With optional dependencies:

pip install ml4t-engineer[talib]      # TA-Lib backend
pip install ml4t-engineer[numba]      # Numba acceleration
pip install ml4t-engineer[all]        # All optional dependencies

Quick Start

import polars as pl
from ml4t.engineer import compute_features, list_features

# See available features
print(list_features("momentum"))  # RSI, MACD, Stochastic, etc.

# Load OHLCV data
df = pl.read_parquet("ohlcv.parquet")

# Compute features with default parameters
result = compute_features(df, ["rsi", "macd", "atr", "obv"])

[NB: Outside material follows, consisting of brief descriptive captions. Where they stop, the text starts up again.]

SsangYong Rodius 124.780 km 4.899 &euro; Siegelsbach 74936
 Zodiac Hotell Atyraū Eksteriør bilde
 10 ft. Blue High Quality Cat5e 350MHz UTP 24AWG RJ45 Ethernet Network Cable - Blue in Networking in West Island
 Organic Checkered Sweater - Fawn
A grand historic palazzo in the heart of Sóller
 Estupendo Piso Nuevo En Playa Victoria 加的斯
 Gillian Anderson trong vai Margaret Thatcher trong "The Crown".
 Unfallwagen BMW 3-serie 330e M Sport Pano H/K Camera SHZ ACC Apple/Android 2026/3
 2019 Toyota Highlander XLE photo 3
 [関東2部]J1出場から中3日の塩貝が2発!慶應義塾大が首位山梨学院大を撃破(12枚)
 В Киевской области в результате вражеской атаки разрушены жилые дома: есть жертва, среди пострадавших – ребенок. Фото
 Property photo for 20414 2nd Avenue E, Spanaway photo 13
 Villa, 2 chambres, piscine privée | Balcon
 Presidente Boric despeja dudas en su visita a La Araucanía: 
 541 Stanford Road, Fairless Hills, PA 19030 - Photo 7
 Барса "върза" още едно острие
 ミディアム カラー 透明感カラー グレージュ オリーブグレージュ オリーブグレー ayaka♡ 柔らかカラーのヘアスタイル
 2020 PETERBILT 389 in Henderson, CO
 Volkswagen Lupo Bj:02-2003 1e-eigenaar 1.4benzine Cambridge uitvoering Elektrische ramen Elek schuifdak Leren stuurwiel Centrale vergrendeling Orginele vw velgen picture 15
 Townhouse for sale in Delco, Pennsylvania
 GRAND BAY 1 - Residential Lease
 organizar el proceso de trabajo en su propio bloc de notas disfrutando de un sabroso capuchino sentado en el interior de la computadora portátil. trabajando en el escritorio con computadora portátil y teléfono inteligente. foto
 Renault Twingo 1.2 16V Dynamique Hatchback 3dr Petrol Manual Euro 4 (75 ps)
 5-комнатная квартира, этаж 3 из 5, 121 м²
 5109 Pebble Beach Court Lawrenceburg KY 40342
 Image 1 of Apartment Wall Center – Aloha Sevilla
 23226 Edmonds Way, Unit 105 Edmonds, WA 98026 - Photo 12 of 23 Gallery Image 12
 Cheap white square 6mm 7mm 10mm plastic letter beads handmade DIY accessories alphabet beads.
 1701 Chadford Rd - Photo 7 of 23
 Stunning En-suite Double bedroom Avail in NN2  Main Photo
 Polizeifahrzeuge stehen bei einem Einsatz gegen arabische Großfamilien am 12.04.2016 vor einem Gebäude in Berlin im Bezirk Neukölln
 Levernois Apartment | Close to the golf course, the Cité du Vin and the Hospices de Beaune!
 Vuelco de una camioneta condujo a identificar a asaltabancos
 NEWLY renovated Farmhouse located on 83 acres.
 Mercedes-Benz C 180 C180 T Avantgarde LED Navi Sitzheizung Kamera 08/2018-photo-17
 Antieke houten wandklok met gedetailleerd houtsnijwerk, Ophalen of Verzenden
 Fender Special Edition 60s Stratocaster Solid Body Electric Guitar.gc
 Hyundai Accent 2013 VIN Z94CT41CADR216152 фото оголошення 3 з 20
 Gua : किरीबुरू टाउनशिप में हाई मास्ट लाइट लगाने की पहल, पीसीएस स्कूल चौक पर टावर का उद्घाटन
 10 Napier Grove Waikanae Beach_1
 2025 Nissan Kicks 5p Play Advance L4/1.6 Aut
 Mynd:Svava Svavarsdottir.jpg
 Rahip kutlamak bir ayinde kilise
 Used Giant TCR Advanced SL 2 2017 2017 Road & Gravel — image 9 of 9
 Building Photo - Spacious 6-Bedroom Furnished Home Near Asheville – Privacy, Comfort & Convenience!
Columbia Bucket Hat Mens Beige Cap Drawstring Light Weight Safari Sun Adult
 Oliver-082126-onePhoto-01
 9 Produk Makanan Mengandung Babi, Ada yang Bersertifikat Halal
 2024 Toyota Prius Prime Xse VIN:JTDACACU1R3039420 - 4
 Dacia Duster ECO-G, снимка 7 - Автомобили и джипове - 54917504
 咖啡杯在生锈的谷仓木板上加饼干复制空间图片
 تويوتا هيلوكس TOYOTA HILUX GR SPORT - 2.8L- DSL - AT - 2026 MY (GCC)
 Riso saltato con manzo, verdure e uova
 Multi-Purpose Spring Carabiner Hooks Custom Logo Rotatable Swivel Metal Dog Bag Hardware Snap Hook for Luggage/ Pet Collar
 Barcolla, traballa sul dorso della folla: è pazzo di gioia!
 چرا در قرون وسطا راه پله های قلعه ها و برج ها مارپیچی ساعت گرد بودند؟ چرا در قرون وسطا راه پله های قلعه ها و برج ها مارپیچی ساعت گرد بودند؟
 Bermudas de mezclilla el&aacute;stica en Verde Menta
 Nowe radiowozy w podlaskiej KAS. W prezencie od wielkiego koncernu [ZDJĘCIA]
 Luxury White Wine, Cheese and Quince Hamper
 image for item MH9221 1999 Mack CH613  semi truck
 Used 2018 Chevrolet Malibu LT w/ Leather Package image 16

# Or with custom parameters
result = compute_features(df, [
    {"name": "rsi", "params": {"period": 20}},
    {"name": "sma", "params": {"period": 50}},
    {"name": "bollinger_bands", "params": {"period": 20, "std_dev": 2.0}},
])

Feature Categories

Category Count Examples
Momentum 31 RSI, MACD, Stochastic, CCI, ADX, MFI
Trend 10 SMA, EMA, WMA, DEMA, TEMA, KAMA
Volatility 15 ATR, Bollinger, Yang-Zhang, GARCH
Volume 3 OBV, AD, ADOSC
Statistics 8 Variance, Linear Regression, Correlation
Math 3 MAX, MIN, SUM
Price Transform 5 Typical Price, Weighted Close
Microstructure 12 Kyle Lambda, VPIN, Amihud, Roll
ML 11 Fractional Diff, Entropy, Hurst

Triple-Barrier Labeling

from ml4t.engineer.labeling import triple_barrier_labels, atr_barriers

# Fixed barriers
labels = triple_barrier_labels(
    df,
    upper_barrier=0.02,  # 2% profit target
    lower_barrier=0.01,  # 1% stop loss
    max_holding=20,       # 20 bar horizon
)

# Dynamic ATR-based barriers
labels = atr_barriers(
    df,
    atr_period=14,
    upper_multiplier=2.0,  # 2x ATR profit target
    lower_multiplier=1.0,  # 1x ATR stop loss
    max_holding=20,
)

Alternative Bar Sampling

from ml4t.engineer.bars import volume_bars, dollar_bars, tick_imbalance_bars

# Volume bars (equal volume per bar)
vbars = volume_bars(tick_data, volume_threshold=1000)

# Dollar bars (equal dollar volume per bar)
dbars = dollar_bars(tick_data, dollar_threshold=1_000_000)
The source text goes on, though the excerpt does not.